◆ Try it ◆
Copy out the full listing exactly, omitting any picture it contains.

◆ Data excerpts ◆
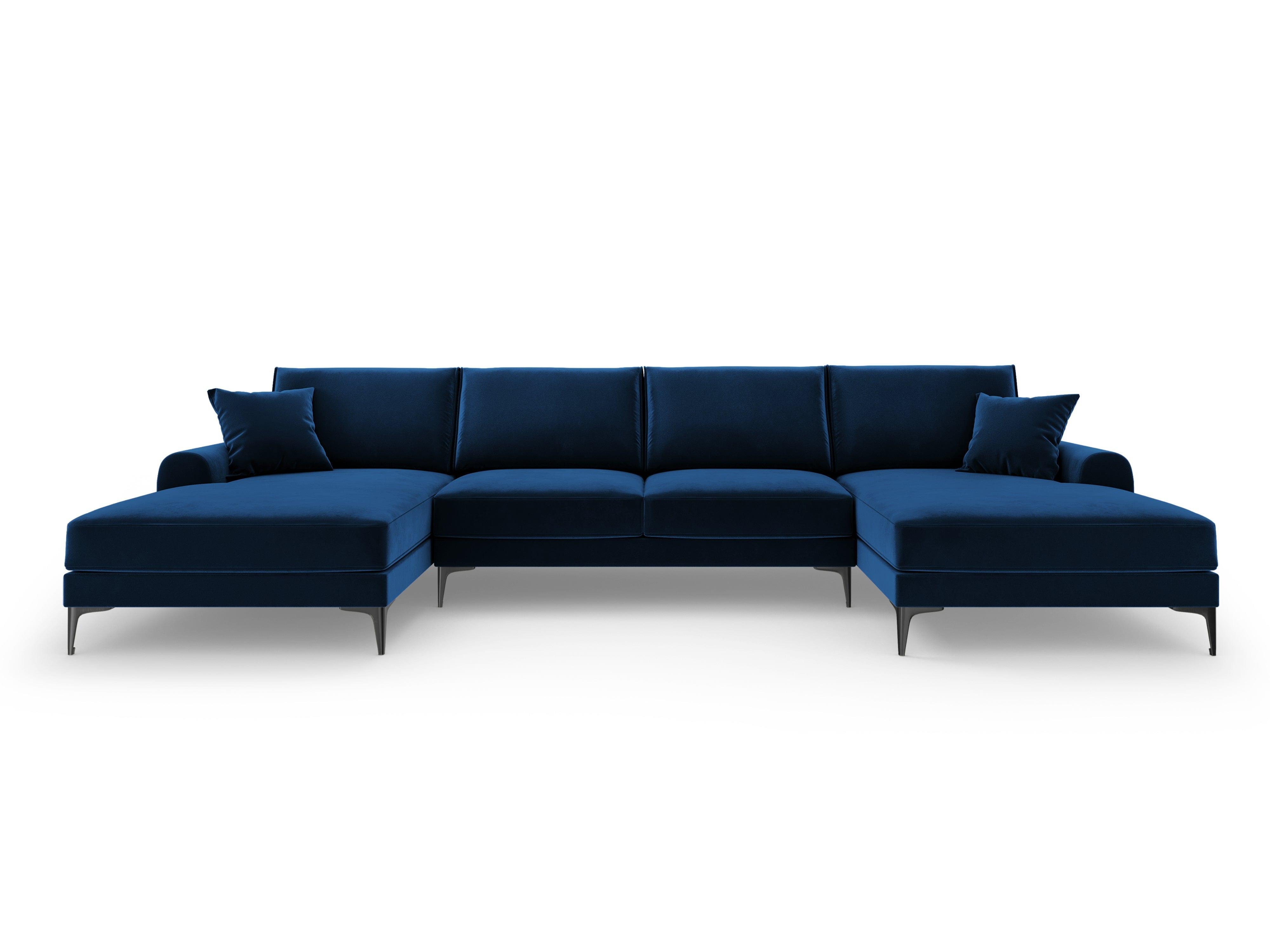 Narożnik aksamitny w kształcie U MADARA królewski niebieski z czarną podstawą Mazzini Sofas Eye on Design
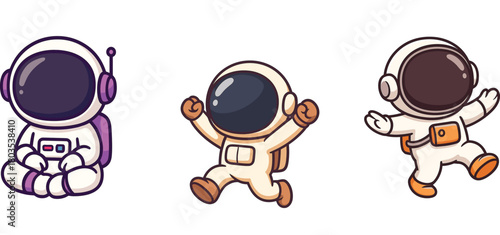 three cute astronauts raising hands in joyful poses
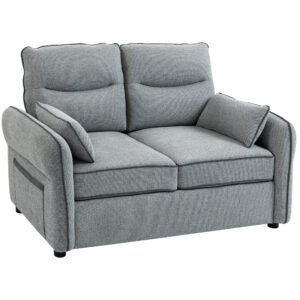 HOMCOM Canapea 2 locuri, canapea de living din velur egiptean, 2 perne incluse, buzunar lateral, 136 x 81 x 90 cm, gri | Aosom Romania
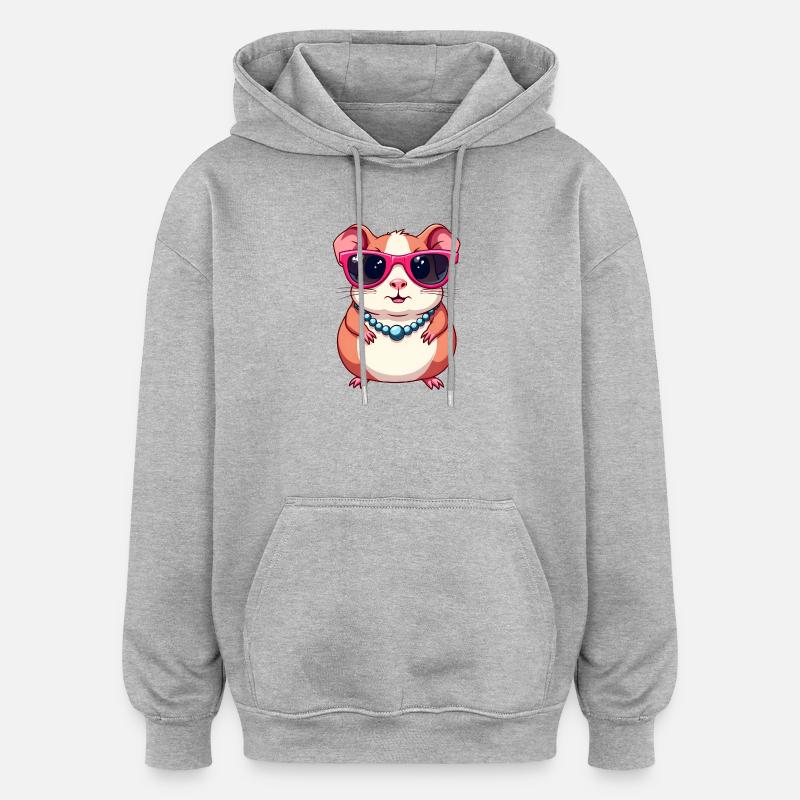 cobaye - Sweat à capuche oversize unisexe - gris chiné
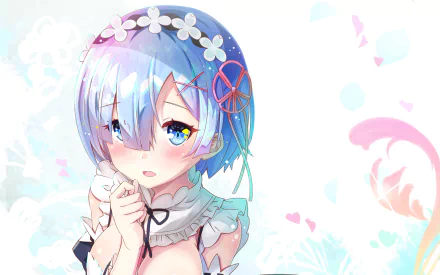 HD desktop wallpaper featuring Rem from the anime Re:Zero - Starting Life in Another World. Rem is depicted in her classic maid outfit with a soft, colorful background.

◆ Task output ◆
 Narożnik aksamitny w kształcie U MADARA królewski niebieski z czarną podstawą Mazzini Sofas Eye on Design
 three cute astronauts raising hands in joyful poses
 HOMCOM Canapea 2 locuri, canapea de living din velur egiptean, 2 perne incluse, buzunar lateral, 136 x 81 x 90 cm, gri | Aosom Romania
 cobaye - Sweat à capuche oversize unisexe - gris chiné
 HD desktop wallpaper featuring Rem from the anime Re:Zero - Starting Life in Another World. Rem is depicted in her classic maid outfit with a soft, colorful background.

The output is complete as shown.